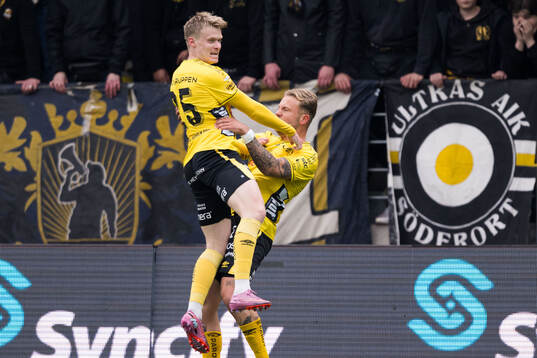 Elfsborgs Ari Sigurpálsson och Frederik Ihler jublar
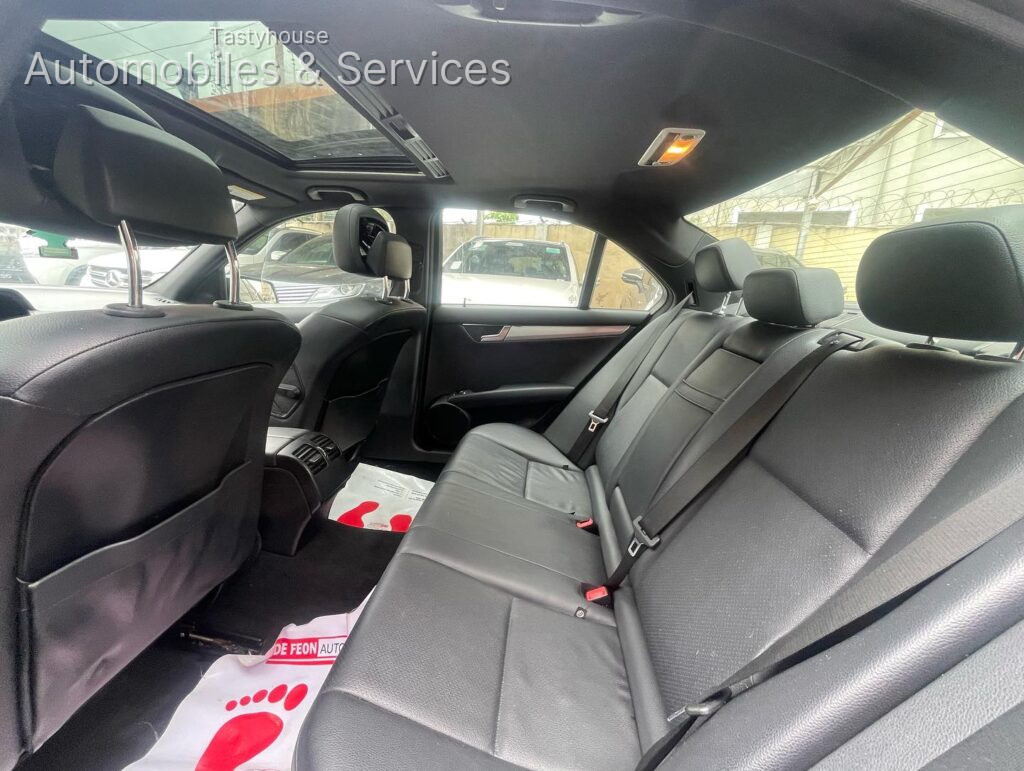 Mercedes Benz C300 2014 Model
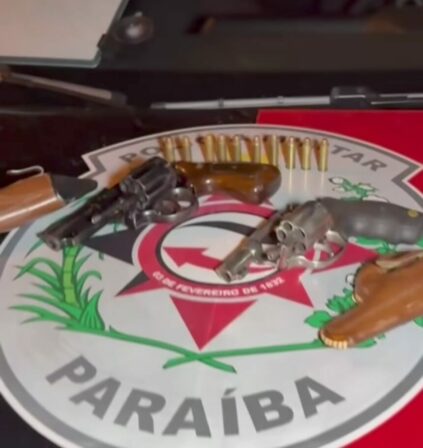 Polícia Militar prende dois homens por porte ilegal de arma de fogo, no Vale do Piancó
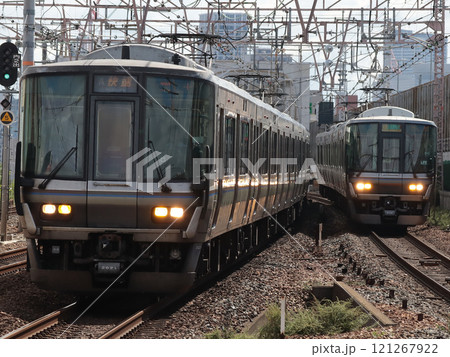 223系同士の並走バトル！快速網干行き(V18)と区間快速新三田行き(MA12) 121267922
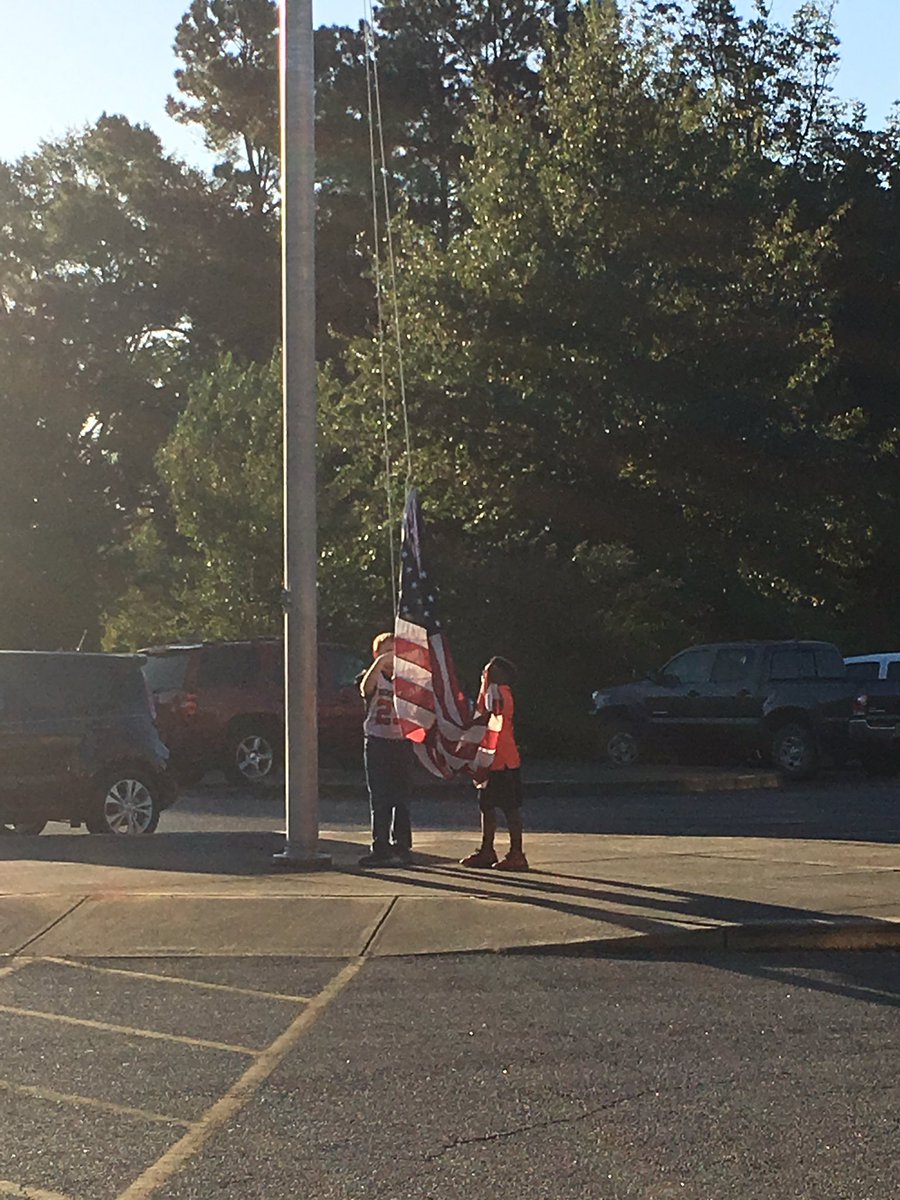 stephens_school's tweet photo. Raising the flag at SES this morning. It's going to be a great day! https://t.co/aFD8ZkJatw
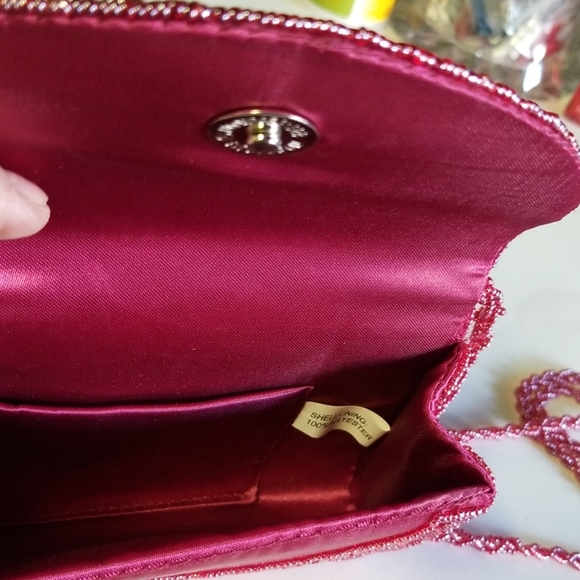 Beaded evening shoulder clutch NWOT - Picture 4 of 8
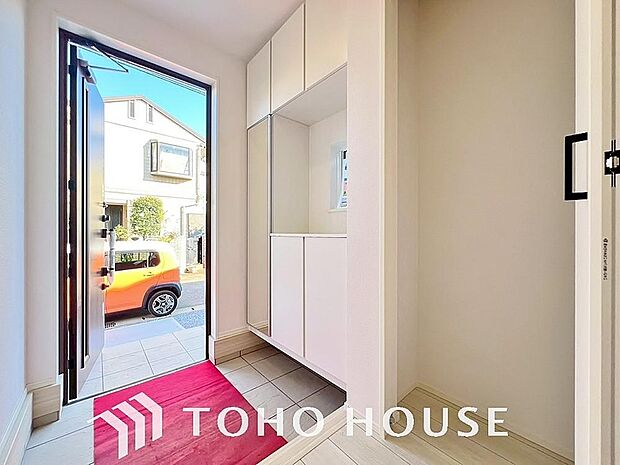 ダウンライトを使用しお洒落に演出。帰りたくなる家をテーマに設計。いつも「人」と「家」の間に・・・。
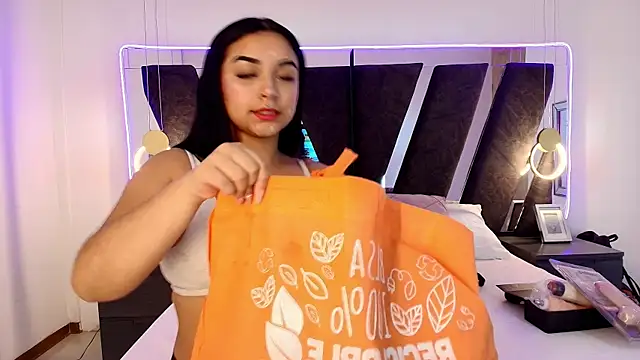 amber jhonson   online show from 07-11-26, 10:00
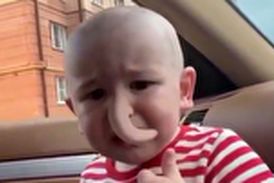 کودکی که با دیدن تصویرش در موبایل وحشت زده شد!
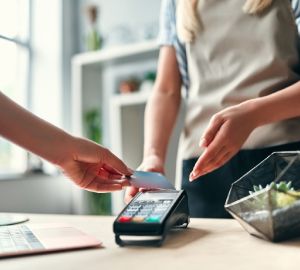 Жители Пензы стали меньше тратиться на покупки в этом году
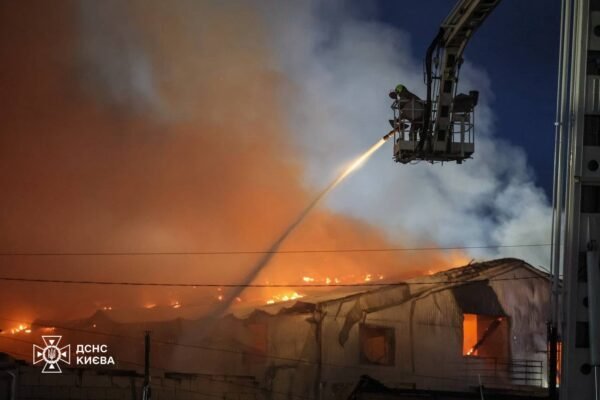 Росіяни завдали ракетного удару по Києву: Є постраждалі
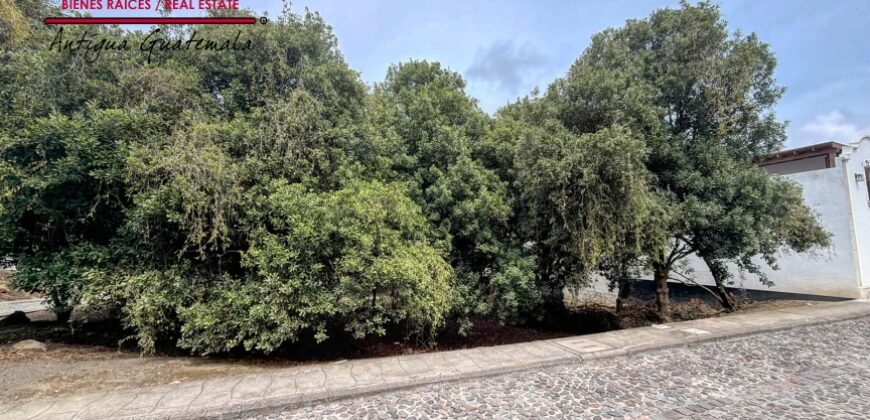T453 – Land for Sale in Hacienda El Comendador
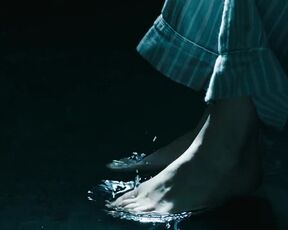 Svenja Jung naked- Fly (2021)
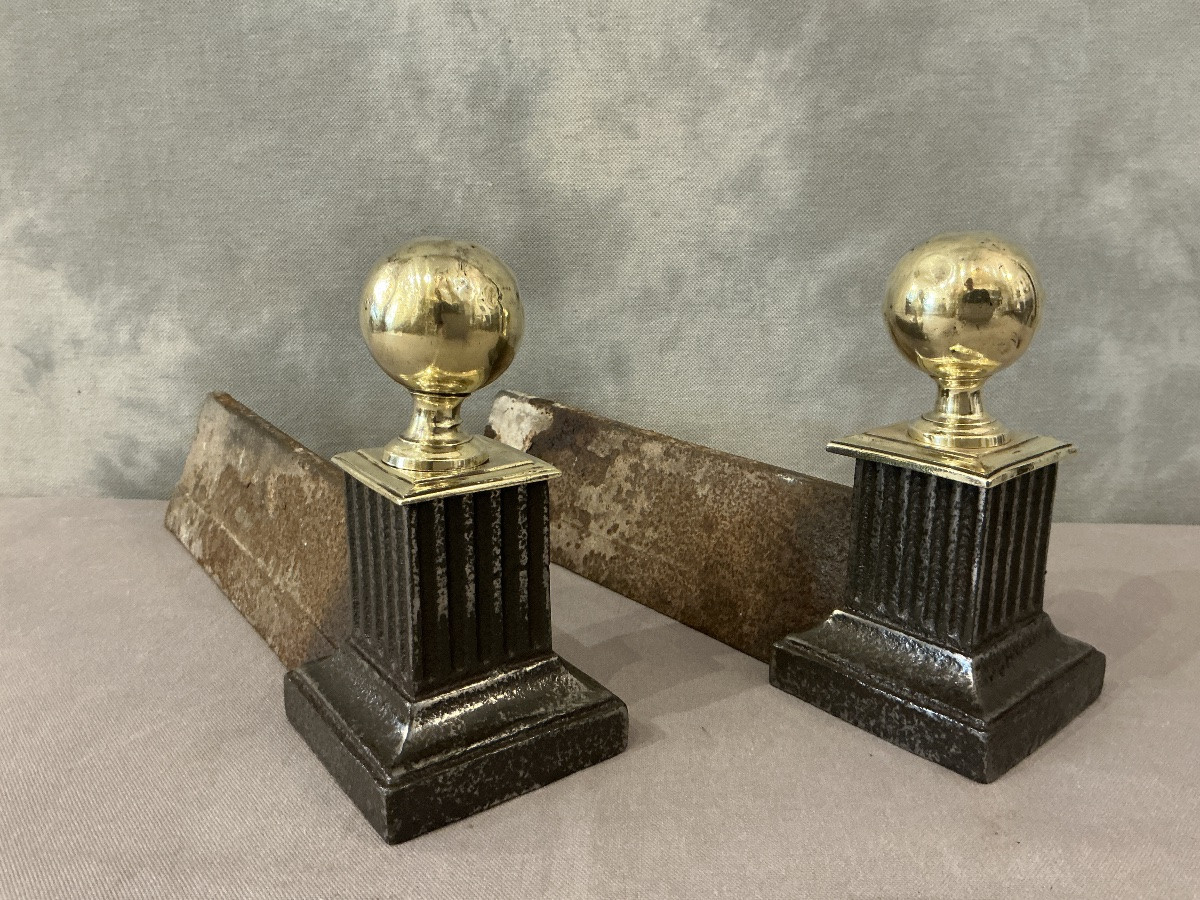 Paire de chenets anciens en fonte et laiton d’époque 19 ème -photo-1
——
What needs to be done. Your answer must be the records above, word for word, with no pictures.

Problem solution.
 Elfsborgs Ari Sigurpálsson och Frederik Ihler jublar
 Mercedes Benz C300 2014 Model
 Polícia Militar prende dois homens por porte ilegal de arma de fogo, no Vale do Piancó
 223系同士の並走バトル！快速網干行き(V18)と区間快速新三田行き(MA12) 121267922
 stephens_school's tweet photo. Raising the flag at SES this morning. It's going to be a great day! https://t.co/aFD8ZkJatw
 Beaded evening shoulder clutch NWOT - Picture 4 of 8
 ダウンライトを使用しお洒落に演出。帰りたくなる家をテーマに設計。いつも「人」と「家」の間に・・・。
 amber jhonson   online show from 07-11-26, 10:00
 کودکی که با دیدن تصویرش در موبایل وحشت زده شد!
 Жители Пензы стали меньше тратиться на покупки в этом году
 Росіяни завдали ракетного удару по Києву: Є постраждалі
T453 – Land for Sale in Hacienda El Comendador
 Svenja Jung naked- Fly (2021)
 Paire de chenets anciens en fonte et laiton d’époque 19 ème -photo-1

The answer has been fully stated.